A decision to ban media from reporting on court proceedings against the only ex-British army paratrooper to face murder charges arising from the 1972 Bloody Sunday massacre has been condemned by families of the victims and journalists alike.
At a preliminary hearing this week, District Judge Ted Magill placed a ban on the reporting of statements by the prosecution, the defence and witnesses due to give evidence, as well as confirming that the anonymity for the defendant would continue.
The former British Paratrooper, known as Soldier F, is charged with murdering Jim Wray (right) and William McKinney (left) after opening fire on a civil rights demonstration on January 30, 1972. Twelve others were murdered when British soldiers were allegedly urged by their superiors to ‘get some kills’ as part of a plan to exert control over the city.
Soldier F is also charged with attempting to murder Patrick O’Donnell, Joseph Friel, Joe Mahon and Michael Quinn.
Michelle Stanistreet, of the National Union of Journalists, said: “This is an alarming ruling, which goes against the principle of open justice and the need for the criminal justice system to operate in public and be subject to public scrutiny.”
It is understood that as a result of the media ban, a number of people who had expected to be able to observe the process were prevented from doing so.
The judge also controversially refused to lift the anonymity of the defendant, and refused a request to adjourn the hearing to deal with a legal challenge on the issue.
Kate Nash, who lost both her brother and father in the massacre, condemned what she described as a “media blackout”.
“I will not stand idly by whilst justice for my Brother William and my Father Alexander Nash goes down the toilet,” she wrote. “The corruption of this justice system needs to be continually exposed here.
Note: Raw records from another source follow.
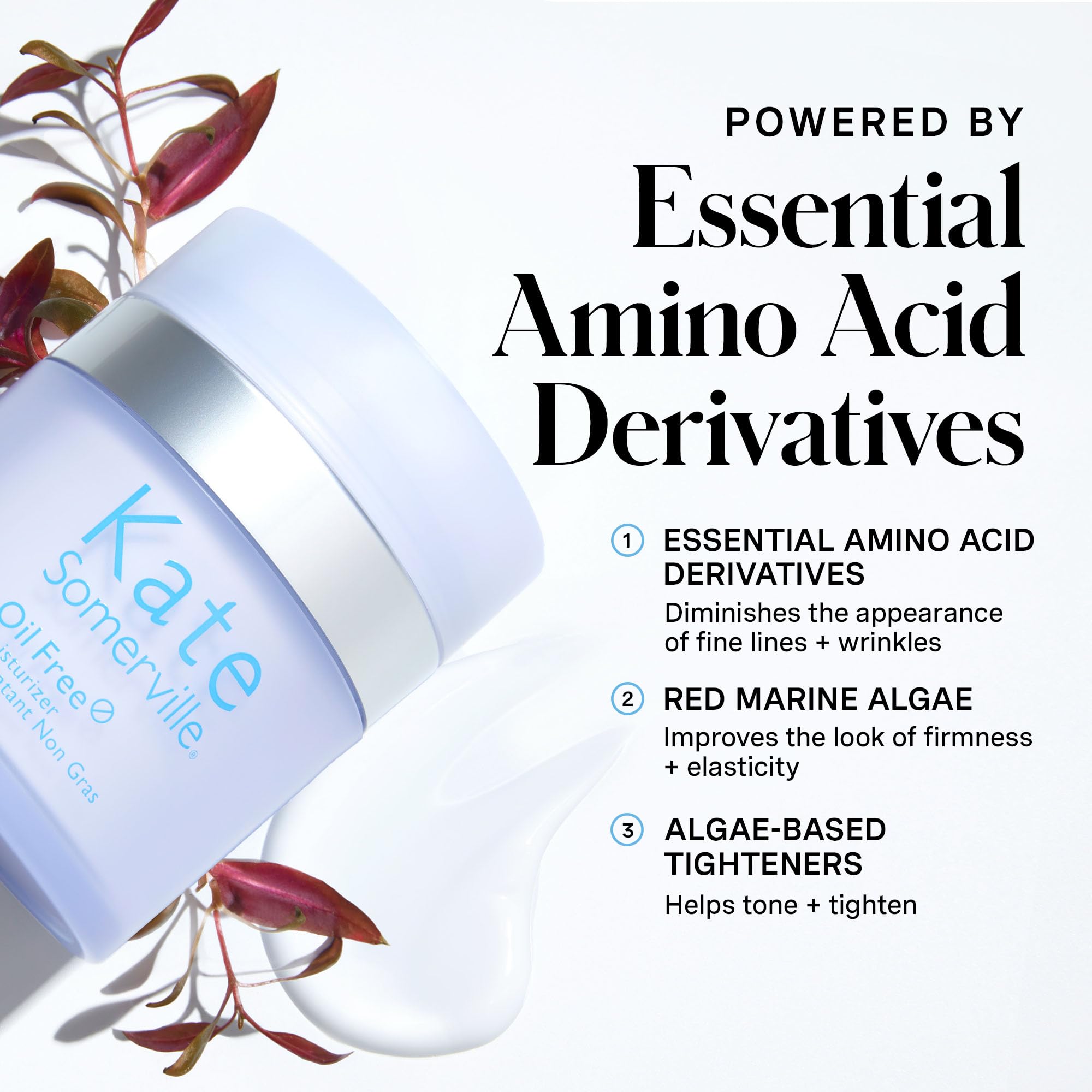 Kate Somerville oil-free moisturizer in a 1.7 fl oz bottle, suitable for oily and acne-prone skin, with a lightweight, hydrating formula.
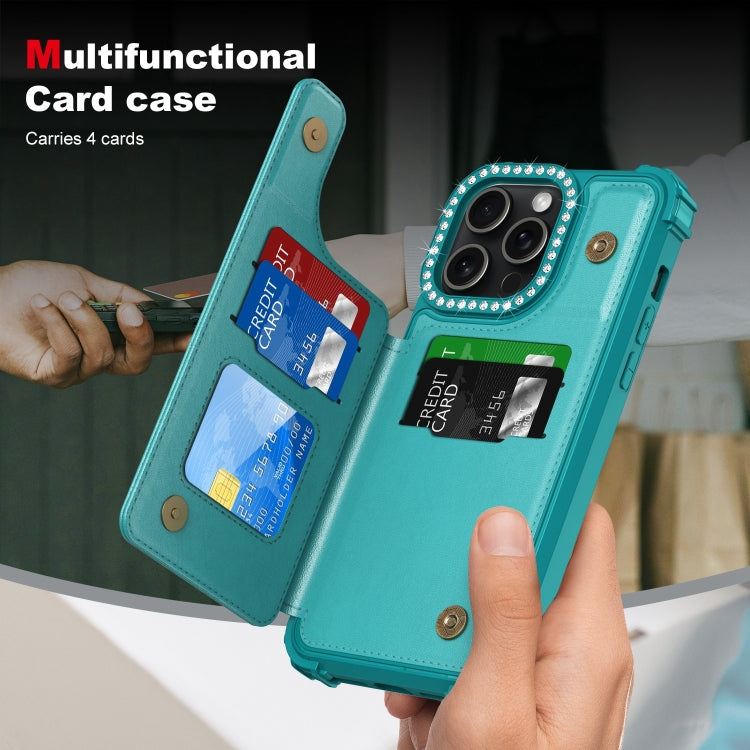 For iPhone 15 Pro Diamond Horizontal Card Bag Leather Phone Case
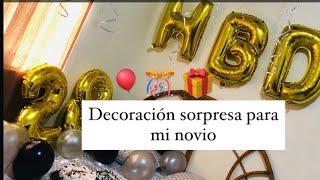 Decoración en la habitación para cumpleaños de mi novio SORPRESA [upl. by Euqinue]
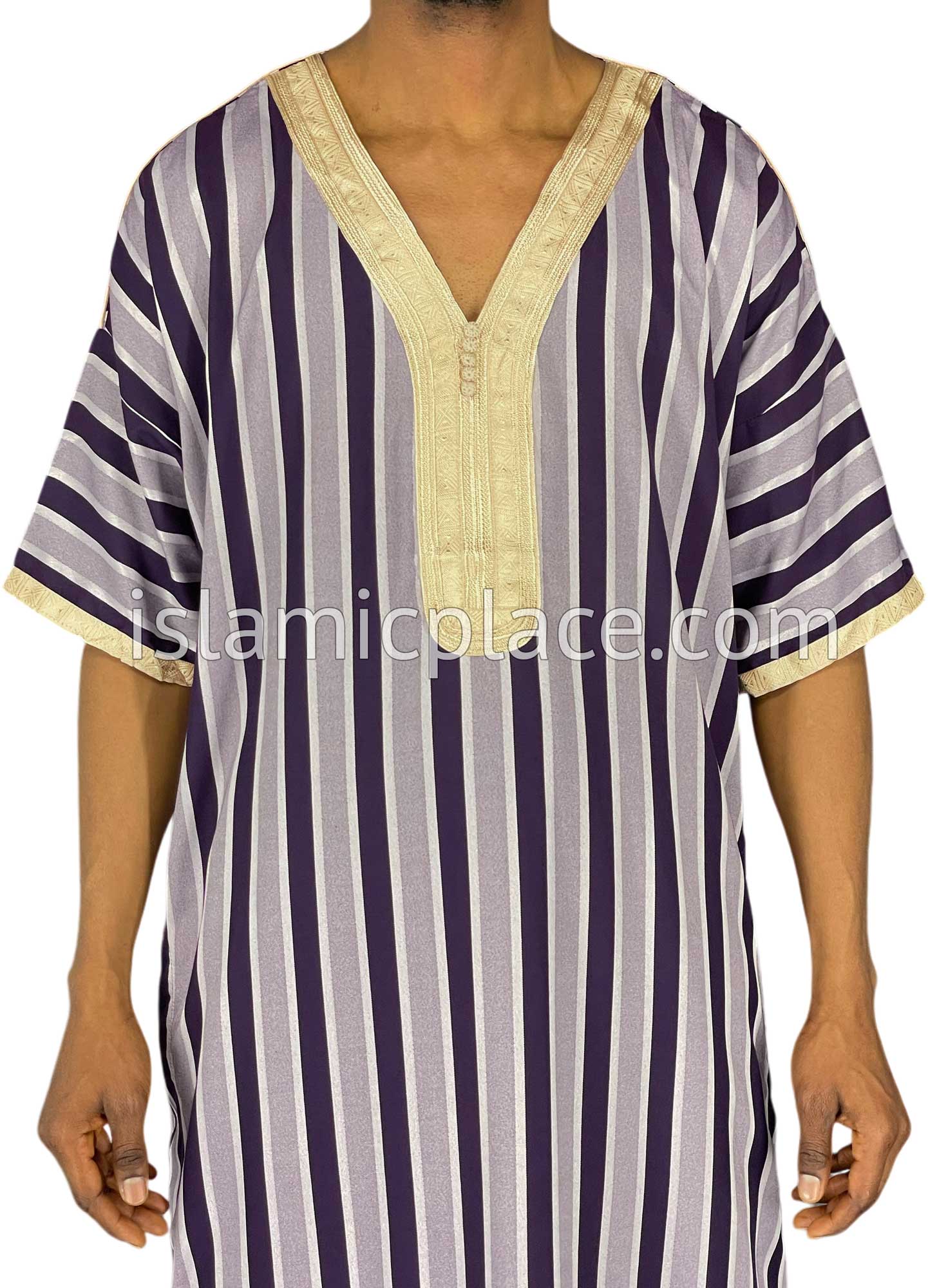 Plum - Faruq Style Short Sleeve Thob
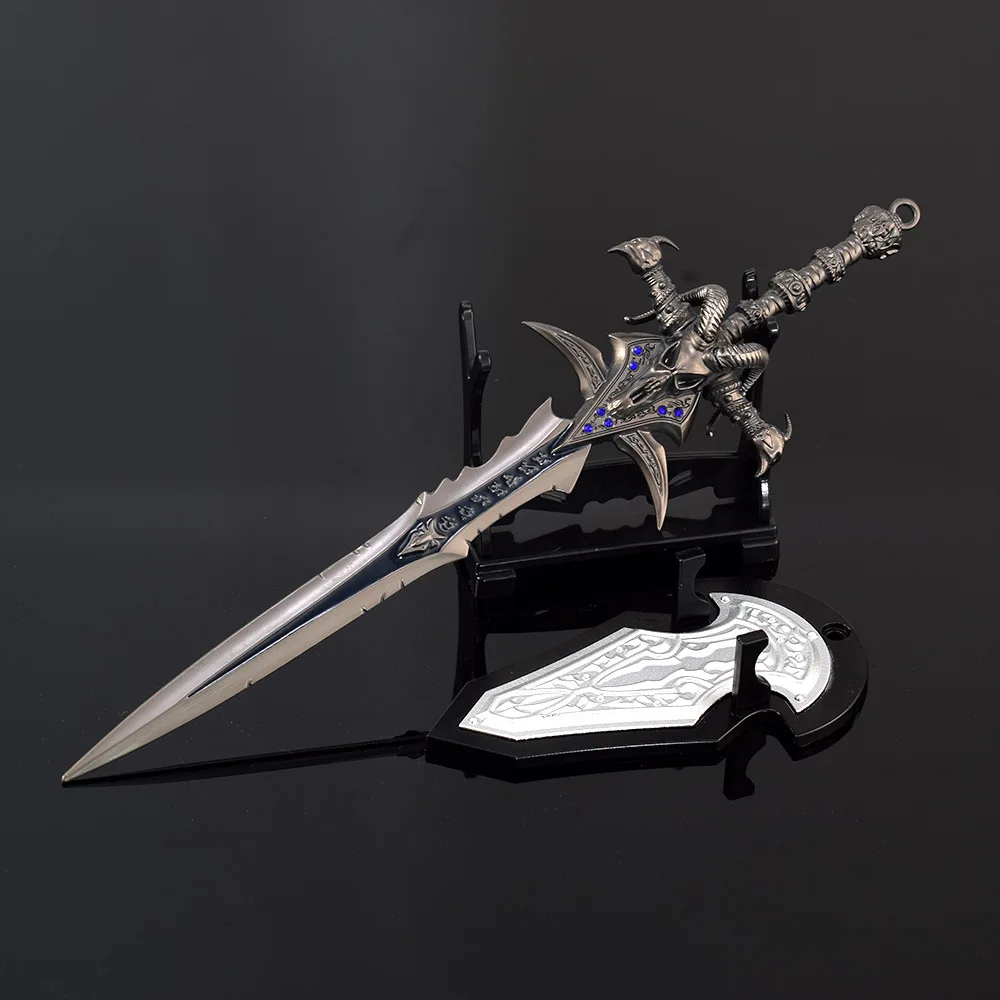 22cm Warcraft Figure Frostmourne with Wall Panels All Metal Crafts Ornaments Actions Figure Collections Boys Gifts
The contempt they treat us with is disgraceful.”
Both the committal hearing and the challenge to the anonymity ruling are due to proceed on Tuesday.
Regardless of the outcome of the trial, the Bloody Sunday March Committee say there is no question of its campaign for truth and justice ending as a result.
They say that while it is to be welcomed that a member of the Parachute Regiment is going on trial for the Bloody Sunday murders, it’s not enough, and doesn’t do justice to the truth.
Kate Nash, who is spokesperson for the group, says it appears the British State hopes that the charge against Soldier F “will be the end of it” and that the campaigning will cease then.
“If that’s the case,” she says, “they have another thing coming”.
“To put all of the blame on Soldier F would be to shut our eyes to the single most important fact about Bloody Sunday - that the murders didn’t result from a breakdown of discipline on the part of the paras, but were planned and ordered at the highest levels,” she said.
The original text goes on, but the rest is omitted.